_Assignment_. In the data below, find the line with "Michael Kors red patent leather slide" and the line with "Banque PT 2000", then restate both and every line between them exactly, minus the pictures.

_Excerpted records_.
= = = = = = =
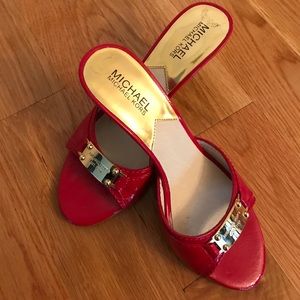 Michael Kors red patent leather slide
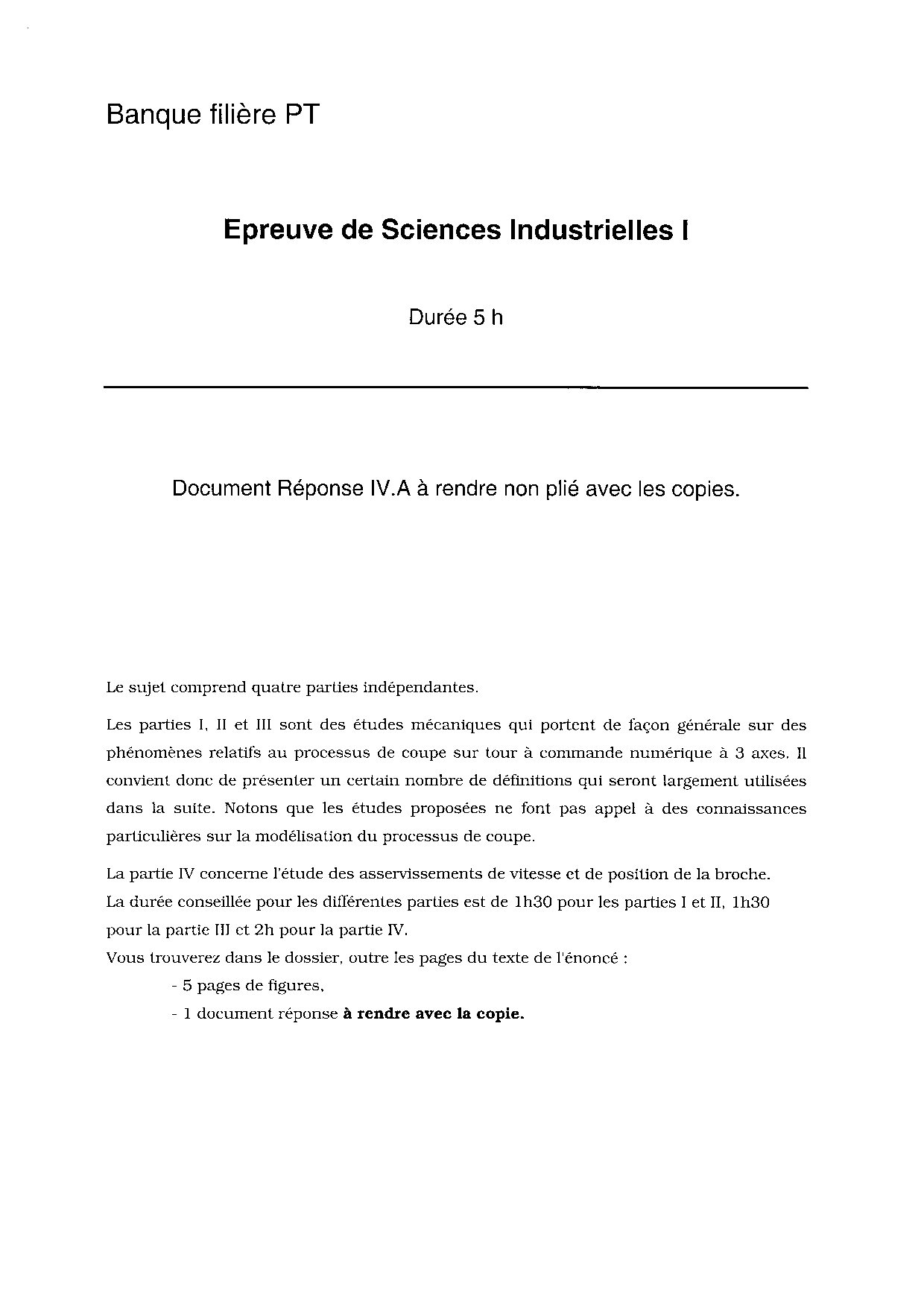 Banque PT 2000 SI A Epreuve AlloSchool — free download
= = = = = = =
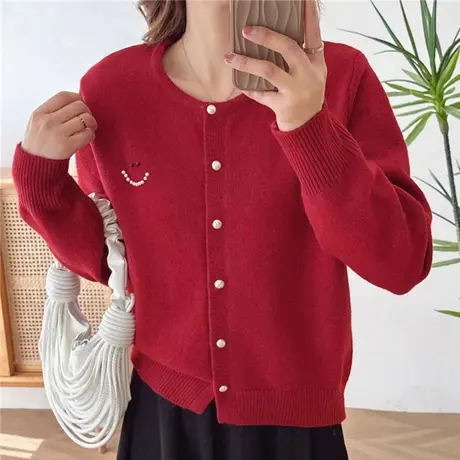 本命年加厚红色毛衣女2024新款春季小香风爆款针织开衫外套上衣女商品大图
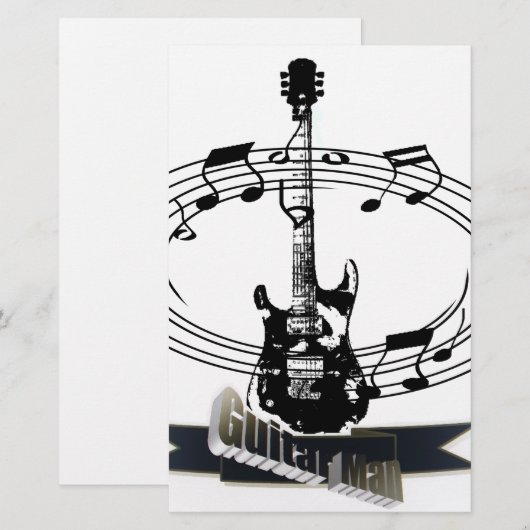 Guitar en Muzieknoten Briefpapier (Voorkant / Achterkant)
= = = = = = =
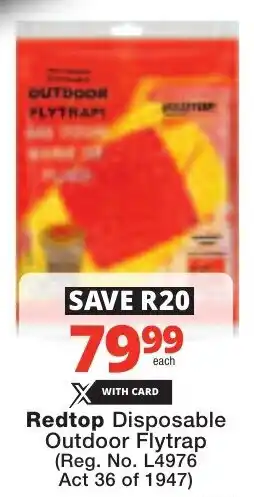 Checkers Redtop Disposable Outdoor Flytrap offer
= = = = = = =
_Completed exercise_.
 Michael Kors red patent leather slide
 Banque PT 2000 SI A Epreuve AlloSchool — free download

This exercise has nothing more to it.